Comme évoqué plus haut, une fonctionnalité intéressante que permet AKeNe est la possibilité de servir de passerelle de communication entre deux logiciels. Ainsi, l’idée est de faire transiter par l’intermédiaire d’un AKN_Node les données issues d’un logiciel hôte, afin de les envoyer par l’intermédiaire du réseau vers un autre AKN_Node en utilisant deux objets AKN_Client et AKN_Serveur[4], des versions spécialisées de AKN_Node conçues pour envoyer des AKN_Box au travers du réseau. Cette partie de code est un exercice que je donne à mes étudiants dans mon cours de programmation avancée.
Figure 53 : AKeNe comme passerelle de communication entre deux logiciels hôtes.
Par cette méthode, il devient très facile de connecter par exemple Unreal à Unity ou à Motion-Builder, c’est d’ailleurs le cas pour le projet Agamemnon Redux (Lavander et al. 2017)ou le retargeting est effectué sur le logiciel Motion Builder et l’affichage sur le moteur Unreal (cf. Figure 54).
Cette approche modulaire nous a permis d’adapter assez facilement notre outil de prévisualisation OutilNum (Plessiet, Chaabane, et Khemiri 2015) pour une application au théâtre (Gagneré, Plessiet, et Sohier 2018a) en réarrangeant les blocs de programmes entre eux.
Figure 54 : Les différents modules interconnectés de la pièce Agamemnon Redux.
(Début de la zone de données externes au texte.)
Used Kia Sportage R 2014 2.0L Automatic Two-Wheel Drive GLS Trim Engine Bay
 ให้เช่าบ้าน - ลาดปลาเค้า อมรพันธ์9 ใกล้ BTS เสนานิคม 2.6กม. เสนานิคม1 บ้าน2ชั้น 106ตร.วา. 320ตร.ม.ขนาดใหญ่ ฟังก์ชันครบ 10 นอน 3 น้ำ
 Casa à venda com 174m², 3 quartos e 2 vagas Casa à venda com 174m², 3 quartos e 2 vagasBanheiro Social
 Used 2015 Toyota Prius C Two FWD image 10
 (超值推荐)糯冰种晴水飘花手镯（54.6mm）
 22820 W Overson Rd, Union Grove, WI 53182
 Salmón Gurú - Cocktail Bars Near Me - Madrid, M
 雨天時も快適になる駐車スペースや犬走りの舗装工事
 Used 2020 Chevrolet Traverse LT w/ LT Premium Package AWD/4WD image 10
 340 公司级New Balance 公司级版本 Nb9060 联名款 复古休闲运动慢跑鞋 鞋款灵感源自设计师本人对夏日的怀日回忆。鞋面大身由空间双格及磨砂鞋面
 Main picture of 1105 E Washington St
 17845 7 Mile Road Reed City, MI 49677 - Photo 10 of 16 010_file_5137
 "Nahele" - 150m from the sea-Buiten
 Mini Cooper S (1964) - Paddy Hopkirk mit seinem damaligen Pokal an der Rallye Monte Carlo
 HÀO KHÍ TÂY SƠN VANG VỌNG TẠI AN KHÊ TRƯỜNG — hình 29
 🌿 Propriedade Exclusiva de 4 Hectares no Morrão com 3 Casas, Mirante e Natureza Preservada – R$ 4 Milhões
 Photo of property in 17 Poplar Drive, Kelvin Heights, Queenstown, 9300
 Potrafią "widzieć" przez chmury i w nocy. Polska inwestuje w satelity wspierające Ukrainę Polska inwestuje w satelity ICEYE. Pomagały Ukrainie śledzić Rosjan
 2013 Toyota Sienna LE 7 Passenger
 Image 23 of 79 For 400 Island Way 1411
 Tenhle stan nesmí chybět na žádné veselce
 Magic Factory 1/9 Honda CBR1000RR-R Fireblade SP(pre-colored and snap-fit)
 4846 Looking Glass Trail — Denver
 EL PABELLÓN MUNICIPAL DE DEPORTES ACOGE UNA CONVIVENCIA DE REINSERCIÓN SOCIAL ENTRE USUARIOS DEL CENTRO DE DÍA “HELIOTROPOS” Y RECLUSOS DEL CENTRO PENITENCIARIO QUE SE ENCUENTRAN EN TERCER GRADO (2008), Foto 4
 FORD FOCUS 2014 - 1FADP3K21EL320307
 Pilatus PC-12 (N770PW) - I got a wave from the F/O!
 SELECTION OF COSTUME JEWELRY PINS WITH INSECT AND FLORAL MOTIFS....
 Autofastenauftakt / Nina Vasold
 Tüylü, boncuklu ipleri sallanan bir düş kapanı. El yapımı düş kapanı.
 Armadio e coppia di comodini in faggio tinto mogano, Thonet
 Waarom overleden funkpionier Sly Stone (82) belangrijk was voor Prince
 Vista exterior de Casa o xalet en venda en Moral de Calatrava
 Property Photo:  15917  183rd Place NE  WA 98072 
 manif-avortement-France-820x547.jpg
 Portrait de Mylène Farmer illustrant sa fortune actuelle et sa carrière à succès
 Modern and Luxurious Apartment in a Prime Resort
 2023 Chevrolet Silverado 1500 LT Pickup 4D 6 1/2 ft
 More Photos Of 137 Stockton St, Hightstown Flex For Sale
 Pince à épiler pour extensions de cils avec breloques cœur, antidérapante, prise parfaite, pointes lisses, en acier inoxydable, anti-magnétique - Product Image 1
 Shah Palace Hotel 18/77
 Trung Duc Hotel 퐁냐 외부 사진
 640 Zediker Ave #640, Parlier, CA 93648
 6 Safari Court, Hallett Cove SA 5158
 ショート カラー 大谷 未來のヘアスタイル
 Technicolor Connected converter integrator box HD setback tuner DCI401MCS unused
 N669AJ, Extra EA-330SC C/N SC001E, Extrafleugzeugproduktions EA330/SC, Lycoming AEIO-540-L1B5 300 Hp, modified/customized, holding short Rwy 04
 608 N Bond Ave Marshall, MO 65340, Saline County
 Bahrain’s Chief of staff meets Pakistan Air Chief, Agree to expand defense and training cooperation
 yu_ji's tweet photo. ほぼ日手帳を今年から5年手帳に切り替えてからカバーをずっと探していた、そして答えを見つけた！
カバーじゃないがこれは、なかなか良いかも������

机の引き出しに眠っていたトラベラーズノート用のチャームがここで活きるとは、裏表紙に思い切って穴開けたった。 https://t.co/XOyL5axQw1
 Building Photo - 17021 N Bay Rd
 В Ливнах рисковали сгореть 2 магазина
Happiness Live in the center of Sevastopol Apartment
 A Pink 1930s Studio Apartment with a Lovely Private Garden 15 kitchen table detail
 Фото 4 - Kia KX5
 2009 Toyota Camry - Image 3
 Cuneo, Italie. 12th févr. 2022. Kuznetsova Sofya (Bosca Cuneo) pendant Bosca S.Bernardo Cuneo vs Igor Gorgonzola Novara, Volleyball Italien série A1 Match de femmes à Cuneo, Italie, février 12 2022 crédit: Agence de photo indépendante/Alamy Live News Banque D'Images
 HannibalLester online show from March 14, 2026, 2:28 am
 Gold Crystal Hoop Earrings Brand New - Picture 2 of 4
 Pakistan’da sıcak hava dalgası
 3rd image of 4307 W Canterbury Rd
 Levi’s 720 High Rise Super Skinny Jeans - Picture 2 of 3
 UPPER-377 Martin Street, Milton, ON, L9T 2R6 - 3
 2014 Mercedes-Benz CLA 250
Figure 55 : Réorganisation des modules d’OutilNum pour AvatarStaging.
[1] Pour l’anecdote, j’ai compté avoir développé 4 fois la même bibliothèque de calcul matriciel et de rotation, soit dans différents langages (c++, c#, python), soit dans des repères d’espaces différents (Blender, Maya et Unreal…). Un tel gaspillage d’énergie m’éloigne de mes problèmes artistiques à cause de développements purement mathématiques.
[2] La version 2.8 de Blender serait fortement orientée node, selon la Blender Fondation.
[3] Si c’est un type de base, le AKN_Box est construit automatiquement.
[4] Il existe néanmoins une exception lorsque j’utilise le logiciel hôte Unreal. En effet, dans ce cas-là je préfère utiliser directement les fonctions de réseau directement implémentées dans le moteur, car je les pense beaucoup plus rapides et efficaces que mes propres fonctions.
[1] Unity a changé sa politique vis-à-vis des écoles et des chercheurs, leur interdisant l’utilisation de la licence gratuite. En parallèle, Unreal a décidé de facturer son moteur par royalties, ce qui le rend gratuit si aucune commercialisation du travail n’est envisagée. Unity est redevenu par la suite gratuit pour l’éducation.
[1] Hidden Markov Model par Khoubaieb Klai, Algorithme Génétique par Ghaya Khemeri, Perceptron par Salma Chaabane, Goal Oriented Behavior par Hela Rida.
[2] Michele Quéré, 2012. « La force de la communication de la réalité virtuelle », Mémoire de Master 2 Arts et Technologie de l’Image, Université Paris 8.